Packing and Covering 2013


   János Pach 


   Andres J. Ruiz-Vargas


We will be using Combinatorial Geometry by János Pach and Pankaj K. Agarwal.

For the assignments, the last exercise (the one marked with an asterisk) will be the one that you should turn in. 

Office hours:14 to 17 hours on 7th of June. 

Course Syllabus

The following is a list of the main results seen in class. When a theorem was presented, it is assumed that you are also acquainted with the Lemmas and observations used for proving it. 
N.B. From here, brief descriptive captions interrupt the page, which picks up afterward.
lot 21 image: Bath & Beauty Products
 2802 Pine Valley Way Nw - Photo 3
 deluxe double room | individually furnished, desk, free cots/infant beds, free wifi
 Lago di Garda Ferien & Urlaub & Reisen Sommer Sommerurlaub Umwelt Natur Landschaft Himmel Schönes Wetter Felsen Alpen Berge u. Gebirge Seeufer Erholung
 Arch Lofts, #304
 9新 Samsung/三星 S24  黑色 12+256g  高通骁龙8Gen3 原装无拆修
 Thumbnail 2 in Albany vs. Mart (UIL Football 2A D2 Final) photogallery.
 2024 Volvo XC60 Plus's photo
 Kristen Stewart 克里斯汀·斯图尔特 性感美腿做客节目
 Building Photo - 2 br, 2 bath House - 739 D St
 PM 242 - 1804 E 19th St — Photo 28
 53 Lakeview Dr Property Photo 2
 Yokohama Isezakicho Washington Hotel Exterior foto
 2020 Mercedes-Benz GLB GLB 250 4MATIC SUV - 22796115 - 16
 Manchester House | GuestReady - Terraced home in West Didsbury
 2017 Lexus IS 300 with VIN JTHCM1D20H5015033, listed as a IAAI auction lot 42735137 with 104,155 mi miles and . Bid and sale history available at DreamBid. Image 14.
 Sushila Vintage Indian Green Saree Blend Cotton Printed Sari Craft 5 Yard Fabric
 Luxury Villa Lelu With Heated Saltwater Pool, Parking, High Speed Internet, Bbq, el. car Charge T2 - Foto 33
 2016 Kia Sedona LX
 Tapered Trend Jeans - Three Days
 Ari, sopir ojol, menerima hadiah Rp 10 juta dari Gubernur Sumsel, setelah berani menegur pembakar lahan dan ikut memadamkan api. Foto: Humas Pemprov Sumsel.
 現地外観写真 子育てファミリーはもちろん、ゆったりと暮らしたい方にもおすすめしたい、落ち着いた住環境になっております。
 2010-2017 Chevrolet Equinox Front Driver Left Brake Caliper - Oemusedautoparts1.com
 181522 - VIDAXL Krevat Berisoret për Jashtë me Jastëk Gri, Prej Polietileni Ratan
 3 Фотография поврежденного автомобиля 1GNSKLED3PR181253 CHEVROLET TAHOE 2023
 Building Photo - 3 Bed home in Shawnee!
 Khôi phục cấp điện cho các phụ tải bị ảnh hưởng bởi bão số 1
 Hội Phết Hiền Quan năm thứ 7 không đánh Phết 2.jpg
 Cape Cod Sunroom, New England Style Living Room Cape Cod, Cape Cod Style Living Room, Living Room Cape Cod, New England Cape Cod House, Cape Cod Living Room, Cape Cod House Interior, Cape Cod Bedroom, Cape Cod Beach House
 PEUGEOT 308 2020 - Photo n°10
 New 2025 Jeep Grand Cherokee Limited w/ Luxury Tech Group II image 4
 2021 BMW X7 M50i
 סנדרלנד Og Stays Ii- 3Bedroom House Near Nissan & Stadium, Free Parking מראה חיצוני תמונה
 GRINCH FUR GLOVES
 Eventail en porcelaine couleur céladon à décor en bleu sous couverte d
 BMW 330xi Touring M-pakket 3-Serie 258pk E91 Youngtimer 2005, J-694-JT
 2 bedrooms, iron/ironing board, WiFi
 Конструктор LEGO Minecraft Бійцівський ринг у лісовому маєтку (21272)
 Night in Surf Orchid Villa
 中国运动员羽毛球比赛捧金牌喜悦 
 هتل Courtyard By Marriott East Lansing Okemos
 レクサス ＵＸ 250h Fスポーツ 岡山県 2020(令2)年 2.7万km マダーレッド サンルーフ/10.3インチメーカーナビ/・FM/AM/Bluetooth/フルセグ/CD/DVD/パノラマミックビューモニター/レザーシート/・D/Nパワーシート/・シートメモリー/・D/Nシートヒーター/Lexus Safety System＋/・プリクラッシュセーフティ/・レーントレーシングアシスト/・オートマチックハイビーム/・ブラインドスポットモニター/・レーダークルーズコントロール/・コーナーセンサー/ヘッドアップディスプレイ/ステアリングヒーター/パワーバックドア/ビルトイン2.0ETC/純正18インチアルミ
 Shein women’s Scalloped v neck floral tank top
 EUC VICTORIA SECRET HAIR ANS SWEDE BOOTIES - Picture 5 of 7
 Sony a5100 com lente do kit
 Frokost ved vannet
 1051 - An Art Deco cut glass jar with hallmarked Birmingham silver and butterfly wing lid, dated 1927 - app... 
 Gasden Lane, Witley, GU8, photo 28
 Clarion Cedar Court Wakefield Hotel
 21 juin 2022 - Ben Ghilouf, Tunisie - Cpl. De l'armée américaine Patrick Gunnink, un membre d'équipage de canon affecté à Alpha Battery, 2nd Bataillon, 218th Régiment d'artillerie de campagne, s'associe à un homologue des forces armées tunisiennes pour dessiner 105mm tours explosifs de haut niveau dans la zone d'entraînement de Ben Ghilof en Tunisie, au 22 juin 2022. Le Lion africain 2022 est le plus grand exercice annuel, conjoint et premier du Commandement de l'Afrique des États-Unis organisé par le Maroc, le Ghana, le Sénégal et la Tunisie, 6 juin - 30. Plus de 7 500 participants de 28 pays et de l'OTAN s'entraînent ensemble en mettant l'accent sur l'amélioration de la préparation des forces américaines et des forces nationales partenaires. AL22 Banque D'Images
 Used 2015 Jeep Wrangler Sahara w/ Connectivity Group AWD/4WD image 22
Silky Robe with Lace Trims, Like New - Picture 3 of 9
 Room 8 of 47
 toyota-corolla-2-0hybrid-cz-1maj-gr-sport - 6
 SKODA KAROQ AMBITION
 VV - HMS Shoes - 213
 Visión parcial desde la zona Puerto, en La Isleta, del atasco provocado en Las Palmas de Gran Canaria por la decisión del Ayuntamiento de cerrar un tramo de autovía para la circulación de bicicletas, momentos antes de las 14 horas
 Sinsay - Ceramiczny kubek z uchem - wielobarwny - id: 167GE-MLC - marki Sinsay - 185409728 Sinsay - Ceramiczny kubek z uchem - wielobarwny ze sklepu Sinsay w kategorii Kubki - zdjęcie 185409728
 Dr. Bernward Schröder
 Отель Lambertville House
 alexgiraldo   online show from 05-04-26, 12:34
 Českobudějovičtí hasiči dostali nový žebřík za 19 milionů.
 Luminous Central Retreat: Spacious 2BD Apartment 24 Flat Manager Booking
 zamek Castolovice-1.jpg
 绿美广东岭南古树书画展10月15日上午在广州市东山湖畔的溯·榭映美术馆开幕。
 Chapter one with the exception of Theorem 1.13

 Theorem 1.7 and Theorem 1.12 are the highlights
Chapter 2 with the exception of last section. That is, section: Approximation of a convex body by polytopes, was not seen in class.
Theorem 2.1 and Theorem 2.6 are the highlights. 
Chapter 3: Last section has not been presented (between packing and coverings) 
Theorem 3.2 and Theorem 3.8 and Theorem 3.7 are the highlights.
Chapter 4: Theorem 4.1 was presented.
Section Double-Lattice Packing was skipped
Chapter 5: Theorem 5.5 was presented.
Chapter 6:
Theorem 6.1
Lemma 6.2
Corollary 6.4
Theorem 6.6
Theorem 6.8
Section Sections of a ball packing was skipped
Chapter 7:
In this chapter, all of the results proved were without using Riemann’s zeta function, where it is written, it was replaced by a one. 
Lemma 7.3 was discussed and was proved in the exercise sessions for d=2. 
Lemma 7.5
Theorem 7.6
Theorem 7.7 (i)
Corollary 7.10
Theorem 7.11
Section Lattice packing and codes was skipped. 
Weak version of Theorem 7.17 
Chapter 8: Weak version of Theorem 8.3